Jacob chuckles, and Carter smooths down Jack’s hair. “Ready?”

“No,” he grumps.

“Okay, Dad,” she says as she unties Jack’s boot. Jack sucks in a breath and grits his teeth. “I need your help to set it now.”

*

Jack doesn’t remember passing out, or being moved into the ring room. The burns still burn, but the ankle feels marginally better now that it’s splinted, and the nausea has let up some since they stopped the fancy flying.

He listens for what woke him, hears a shuffle and boots coming off. Then the blankets he’s kicked down by his feet slide back up over his shoulders. “Sam?” he asks groggily.

“Shove over.”

He inches to his left, carefully.

“You need to keep the blankets on, Jack.”

“It’s roasting in here, Carter.”

“Will you quit arguing with me?” But her voice is playful. Sweet.

“Probably not,” he admits. “You find a gate?”

Carter groans in something approaching pleasure as she lies down. “Oh, that feels good,” she says. And then, “Selmak knows of one about twenty hours away.”

Jack thinks about this. There’s a catch in there, but it takes him a while to find it. “Knows, or knew?”

She pauses. “Knew. But he’s sure of one maybe twelve hours beyond that.” She turns onto her side, to face him, and rests her hand on his stomach. “How’re you feeling?”

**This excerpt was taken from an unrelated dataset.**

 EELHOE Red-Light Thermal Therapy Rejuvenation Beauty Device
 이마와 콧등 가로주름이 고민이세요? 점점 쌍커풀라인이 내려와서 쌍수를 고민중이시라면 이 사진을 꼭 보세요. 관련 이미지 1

“I feel like crap, Carter.”

She laughs a little. “I’d forgotten how impossible you are when you’re sick,” she says.

“Hey, all this could be yours.”

He can almost make out her smile in the dim light. “Already is, I think.”

And then he fesses up. “I don’t feel as much like crap as I did before.”

“A ringing endorsement of my field medic skills.”

Jack grunts.

“Try to sleep,” she says, folding an arm under her head.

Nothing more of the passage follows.